How do we account for this tremendous success and explosive growth in franchising? The need to own and plan for your future has always been the driving forces in new business growth, but most franchise buyers are people that are not your typical entrepreneur. We call this type of buyer a “forced entrepreneur.” If they had the choice, they would take the corner office and retire after 30 years, but very few people have that choice. Over the last 50 years, corporations have figured out it is much more cost effective to get rid of employees than to pay out all the benefits of retirement. There is no employee loyalty, only investor loyalty; it is more important to drive stock than to protect employees. Most companies start cutting people lose when they are between 40 and 50 years old and it is almost impossible for this person to be rehired in there same field, unless they want to move to another city or state.

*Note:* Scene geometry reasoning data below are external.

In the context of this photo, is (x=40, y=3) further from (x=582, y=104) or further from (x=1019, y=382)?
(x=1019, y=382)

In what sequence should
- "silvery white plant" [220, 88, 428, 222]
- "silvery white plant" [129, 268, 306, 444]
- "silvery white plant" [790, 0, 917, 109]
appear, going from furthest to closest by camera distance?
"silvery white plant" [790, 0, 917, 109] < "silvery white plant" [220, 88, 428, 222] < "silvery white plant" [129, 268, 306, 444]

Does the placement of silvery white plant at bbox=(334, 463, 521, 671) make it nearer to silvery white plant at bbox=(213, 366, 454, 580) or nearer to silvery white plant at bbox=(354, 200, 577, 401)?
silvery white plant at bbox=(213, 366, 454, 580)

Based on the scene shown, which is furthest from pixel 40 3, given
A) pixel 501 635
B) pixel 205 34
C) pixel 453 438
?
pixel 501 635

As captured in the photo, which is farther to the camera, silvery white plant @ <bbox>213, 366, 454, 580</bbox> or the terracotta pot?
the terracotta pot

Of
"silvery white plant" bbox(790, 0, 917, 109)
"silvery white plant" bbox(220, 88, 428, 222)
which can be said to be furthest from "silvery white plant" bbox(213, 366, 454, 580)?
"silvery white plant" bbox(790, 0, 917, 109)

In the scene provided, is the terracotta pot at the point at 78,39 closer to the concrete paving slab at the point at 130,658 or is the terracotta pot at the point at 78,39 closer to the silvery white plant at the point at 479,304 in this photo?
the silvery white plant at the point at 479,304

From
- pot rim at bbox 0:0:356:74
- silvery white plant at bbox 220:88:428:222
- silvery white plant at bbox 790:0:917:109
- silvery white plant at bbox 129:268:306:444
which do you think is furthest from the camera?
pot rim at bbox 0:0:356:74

35 to 50 years old, $80K liquid, $450 net worth, retirement plan under $150K, corporate mid-management or above, married with children and firmly entrenched in their community. This is also the profile of a franchise buyer. They are looking for ongoing marketing, training, support and a business that will allow them to stay in their community, take care of their families and let them retire with dignity. Franchising supplies everything that these people are looking for, but the trick is to sort through the 3,000 plus franchises and find that franchise opportunity that fits a particular family’s needs.

Small business is the cornerstone of the American economy and will be for the foreseeable future. With this in mind, franchising will continue to grow with great new ideas coming to the business marketplace on almost a daily basis. The future of the franchise industry will always be bright as long as people continue to fulfill the unseen urge of personal ownership!